Rationale: A TUI app is over-engineered for a text game. We need: streaming text display, character-distinct styling, and simple commands. Rich provides all of this with minimal code. The CLI is a thin layer over the turn engine.

6.2 NiceGUI for Web UI¶

Decision: NiceGUI is the recommended web framework (Phase 07).

Rationale: NiceGUI's WebSocket-native architecture is the correct fit for token-by-token streaming. Its ui.chat_message component maps directly to our narrator/character/player messages. Async handlers work natively with the engine's async interface. Gradio's opinionated chat model doesn't support our multi-agent-per-turn pattern. Streamlit's rerun model fights streaming.

6.3 Thinking Token Visibility¶

Decision: Thinking tokens are visible by default (dimmed/collapsible).

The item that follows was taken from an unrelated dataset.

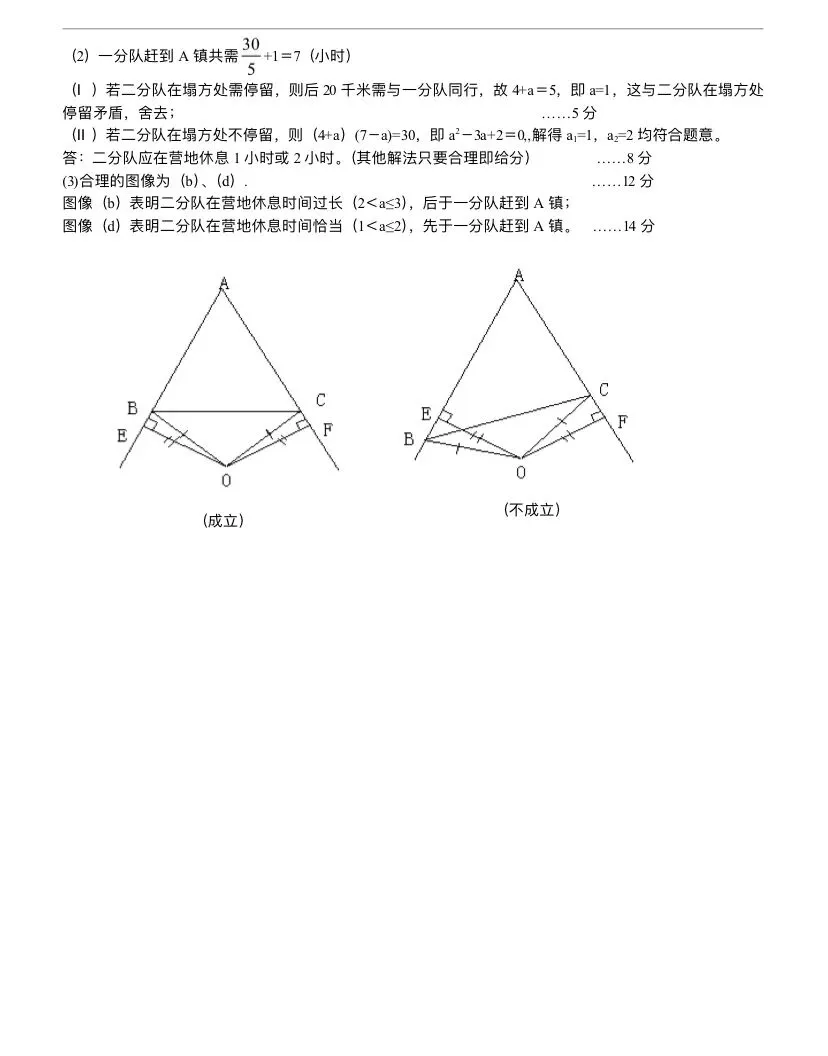(中考真题卷1)2008年安徽省中考数学真题卷 第9张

Rationale: The user wants to understand model behavior. Seeing the model's reasoning helps diagnose prompt issues and builds intuition about what the model understands.

7. Prior Art Reference¶

7.1 Xplore (predecessor)¶

Location: ~/workspace/token_world/token_world/llm/xplore

Key lessons learned: - Goal-based memory doesn't work well with small models (too many sequential decisions) - Streamlit's rerun model fights streaming - SQLAlchemy adds unnecessary complexity for file-based game state - Swarm SDK couples to OpenAI's agent patterns, which small models can't leverage

7.2 Example Game (original Lost Island)¶

Location: ~/workspace/nottheact/saves/playtest-001/

This is the original verbose game definition. Character files are 500+ words, chapter files 2000+ words. It demonstrates the game concept but is far too large for small model prompts. TheAct's simplified version compresses this to ~60 words per character and ~150 words per chapter while preserving the narrative essence.